I'm taking my first steps in OpenCL (and CUDA) for my internship. All nice and well, I now have working OpenCL code, but the computation times are way too high, I think. My guess is that I'm doing too much I/O, but I don't know where that could be.
The code is for the main: http://pastebin.com/i4A6kPfn, and for the kernel: http://pastebin.com/Wefrqifh I'm starting to measure time after segmentPunten(segmentArray, begin, eind); has returned, and I end measuring time after the last clEnqueueReadBuffer.
Computation time on a Nvidia GT440 is 38.6 seconds, on a GT555M 35.5, on a Athlon II X4 5.6 seconds, and on a Intel P8600 6 seconds.
Can someone explain this to me? Why are the computation times are so high, and what solutions are there for this?
What is it supposed to do: (short version) to calculate how much noiseload there is made by an airplane that is passing by.
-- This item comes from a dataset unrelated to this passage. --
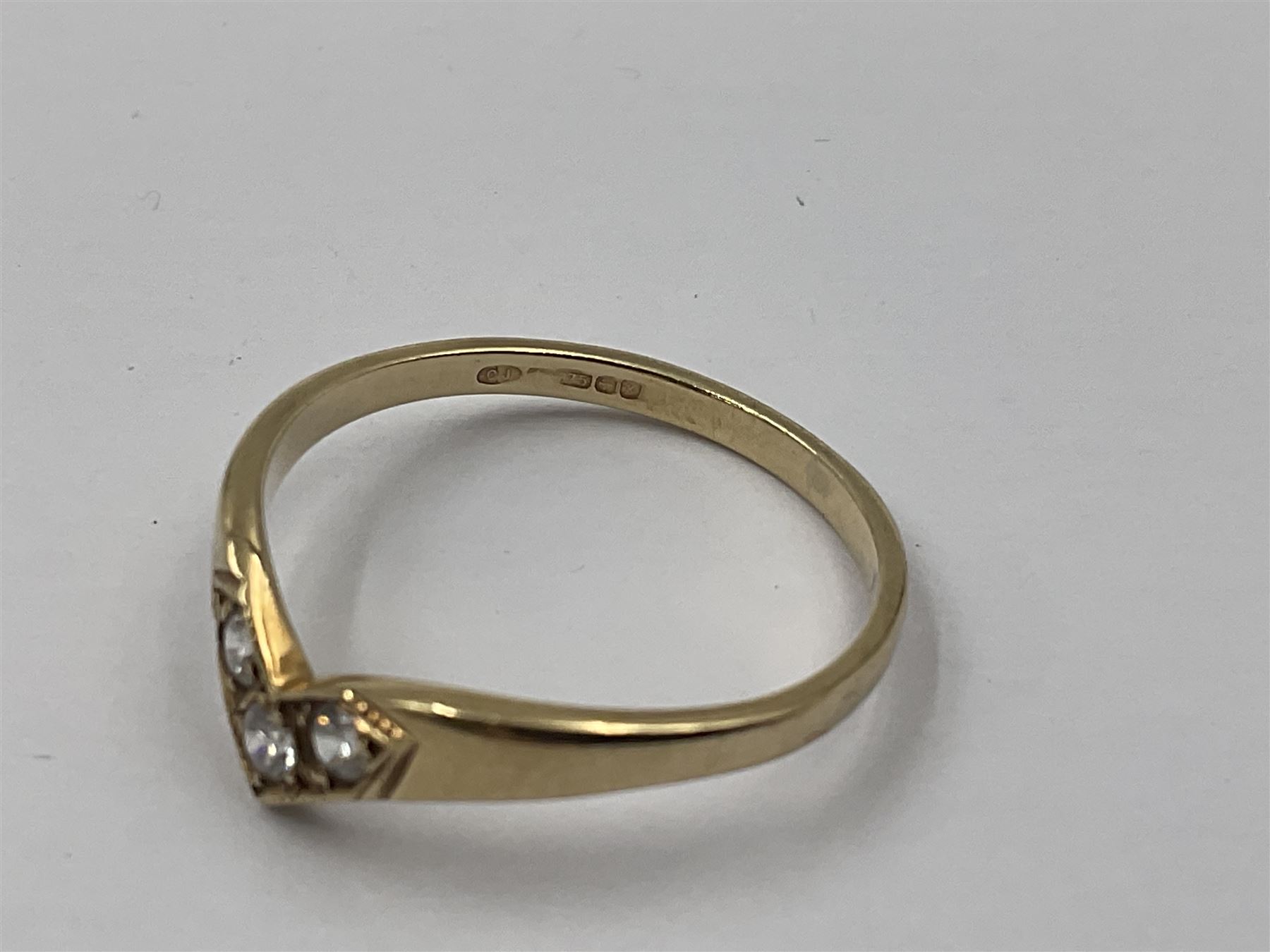 9ct gold three stone cubic zirconia wishbone ring - Image 3 of 4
long version: there are several Observer Points (OP) wich are the points in wich sound is measured from an airplane thas is passing by. The flightpath is being segmented in 10.000 segments, this is done at the function segmentPunten. The double for loop in the main gives OPs a coordinate. There are two kernels. The first one calculates the distance from a single OP to a single segment. This is then saved in the array "afstanden". The second kernel calculates the sound load in an OP, from all the segments.
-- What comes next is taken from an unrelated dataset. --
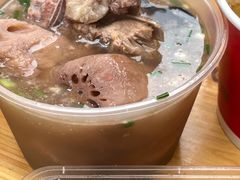 -燕子煨汤(山海关路店)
Just eyeballing your kernel, I see this:
kernel void SEL(global const float *afstanden, global double *totaalSEL,
const int aantalSegmenten)
{
// ...
for(i = 0; i < aantalSegmenten; i++) {
double distance = afstanden[threadID * aantalSegmenten + i];
// ...
}
// ...
}
It looks like aantalSegmenten is being set to 1000. You have a loop in each
kernel that accesses global memory 1000 times. Without crawling though the code,
I'm guessing that many of these accesses overlap when considering your
computation as a whole. It this the case? Will two work items access the same
global memory? If this is the case, you will see a potentially huge win on the
GPU from rewriting your algorithm to partition the work such that you can read
from a specific global memory only once, saving it in local memory. After that,
each work item in the work group that needs that location can read it quickly.
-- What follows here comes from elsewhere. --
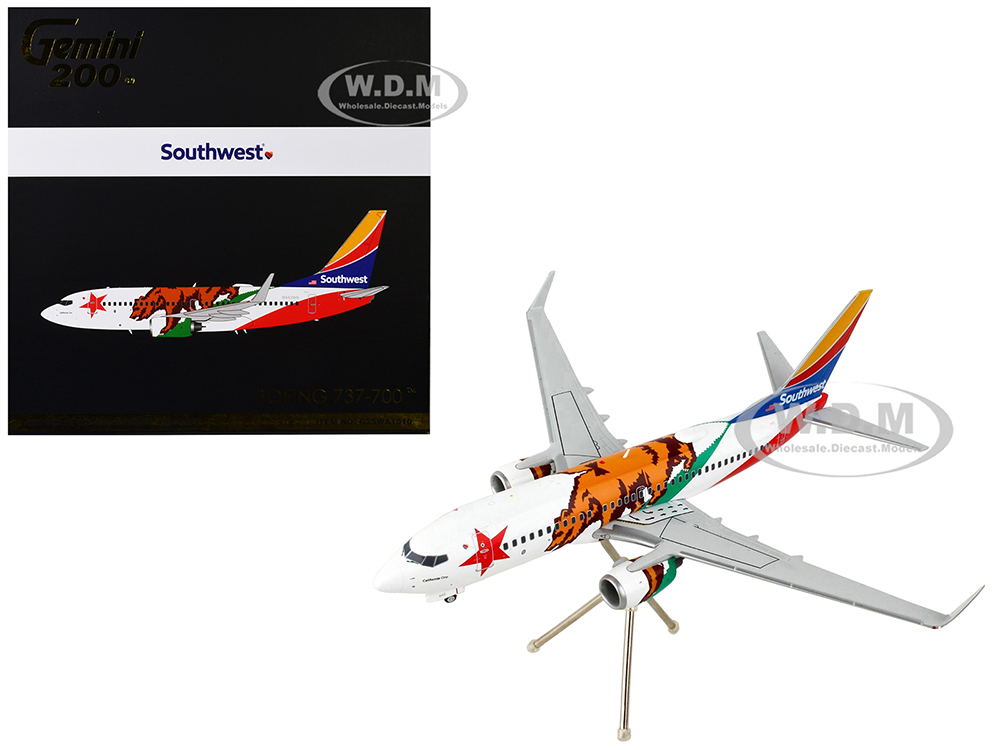Boeing 737-700 Commercial Aircraft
As an aside, the CL specification allows you to omit the leading __ from CL
keywords like global and kernel. I don't think many newcomers to CL realize
that.
Before optimizing further, you should first get an understanding of what is taking all that time. Is it the kernel compiles, data transfer, or actual kernel execution?
As mentioned above, you can get rid of the kernel compiles by caching the results. I believe some OpenCL implementations (the Apple one at least) already do this automatically. With other, you may need to do the caching manually. Here's instructions for the caching.
If the performance bottle neck is the kernel itself, you can probably get a major speed-up by organizing the 'afstanden' array lookups differently. Currently when a block of threads performs a read from the memory, the addresses are spread out through the memory, which is a real killer for GPU performance. You'd ideally want to index array with something like afstanden[ndx*NUM_THREADS + threadID], which would make accesses from a work group to load a contiguous block of memory. This is much faster than the current, essentially random, memory lookup.
First of all you are measuring not the computation time but the whole kernel read-in/compile/execute mumbo-jumbo. To do a fair comparison measure the computation time from the first "non-static" part of your program. (For example from between the first clSetKernelArgs to the last clEnqueueReadBuffer.)
If the execution time is still too high, then you can use some kind of profiler (such as VisualProfiler from NVidia), and read the OpenCL Best Practices guid which is included in the CUDA Toolkit documentation.
To the raw kernel execution time: Consider (and measure) that do you really need the double precision for your calculation, because the double precision calculations are artificially slowed down on the consumer grade NVidia cards.